╭──

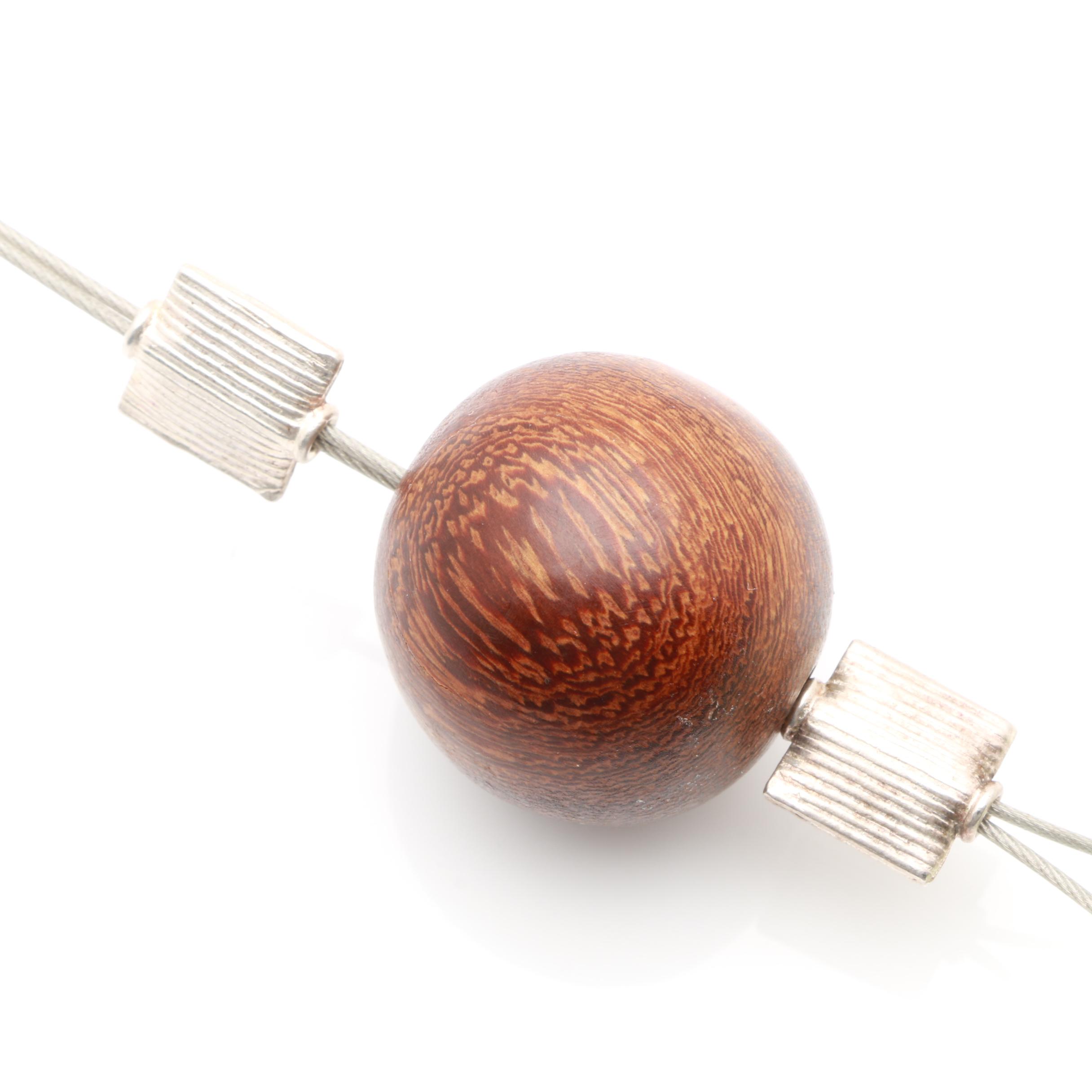 Sterling Silver and Stainless Steel Bowenite, Wood and Coral Necklace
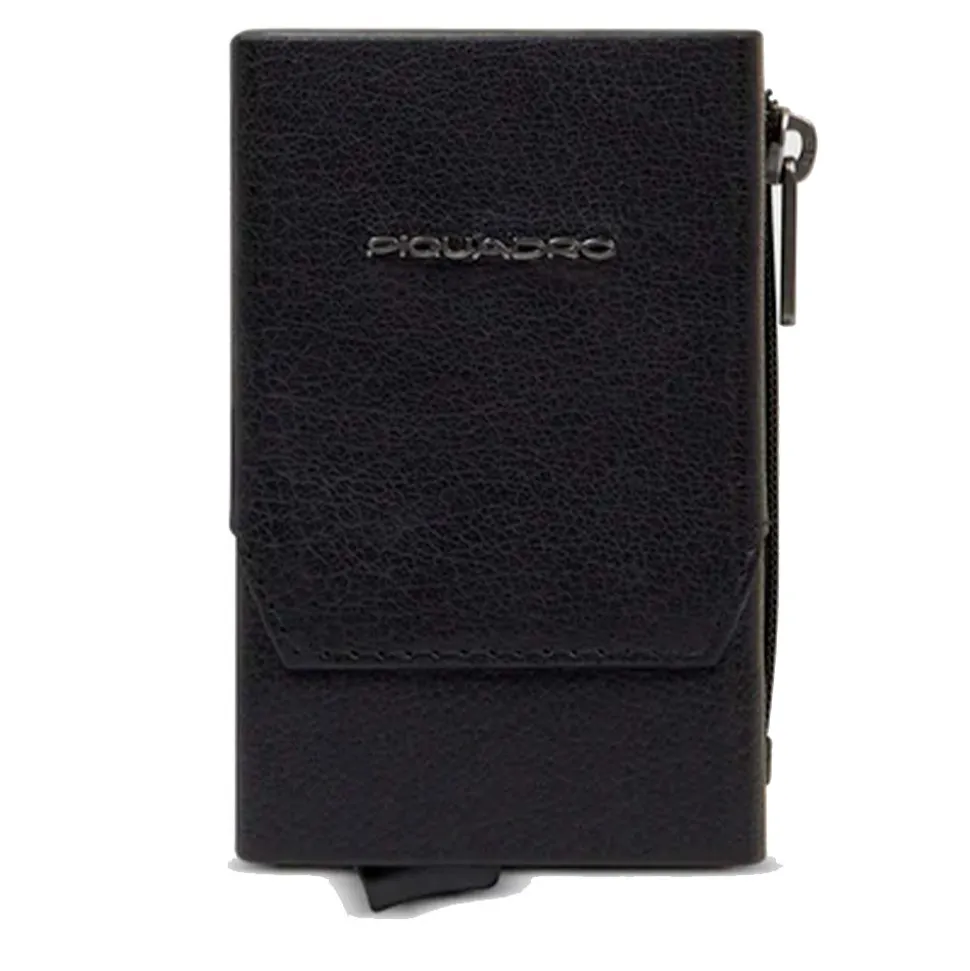 Portacarte PIQUADRO in Pelle e Alluminio con RFID Colore Nero Linea Solm - PP5585S141R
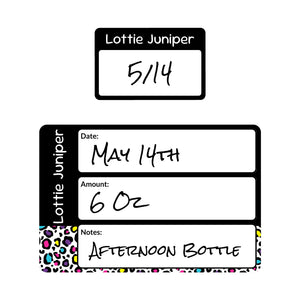 baby bottle name stickers leopard print rainbow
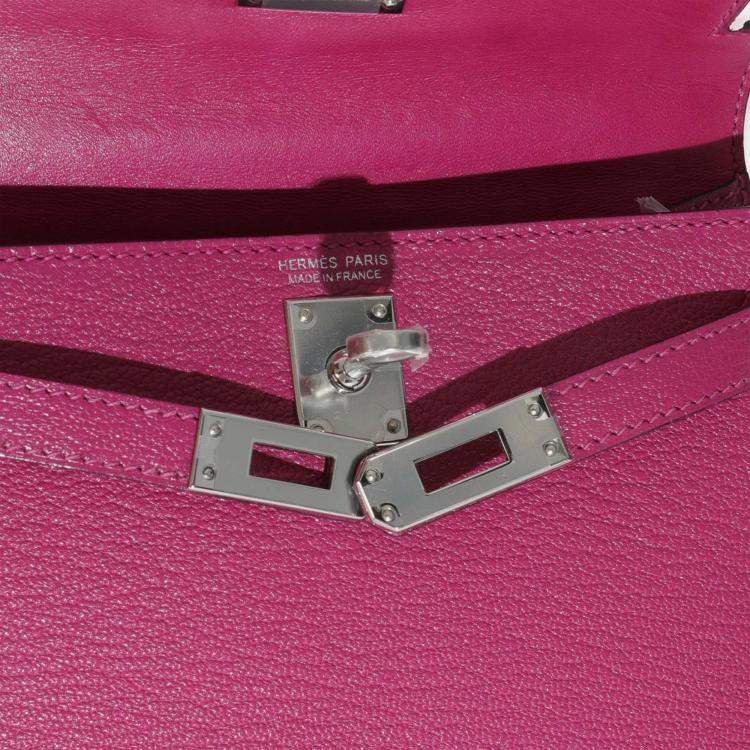 Pre Owned Hermes Rose Pourpre Chevre Mysore Sellier Mini Kelly 20 II SHW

╰──

*GOAL OF THE EXERCISE*. Pictures stay out; all other material above is restated word for word.

*TASK SOLUTION*.
 Sterling Silver and Stainless Steel Bowenite, Wood and Coral Necklace
 Portacarte PIQUADRO in Pelle e Alluminio con RFID Colore Nero Linea Solm - PP5585S141R
 baby bottle name stickers leopard print rainbow
 Pre Owned Hermes Rose Pourpre Chevre Mysore Sellier Mini Kelly 20 II SHW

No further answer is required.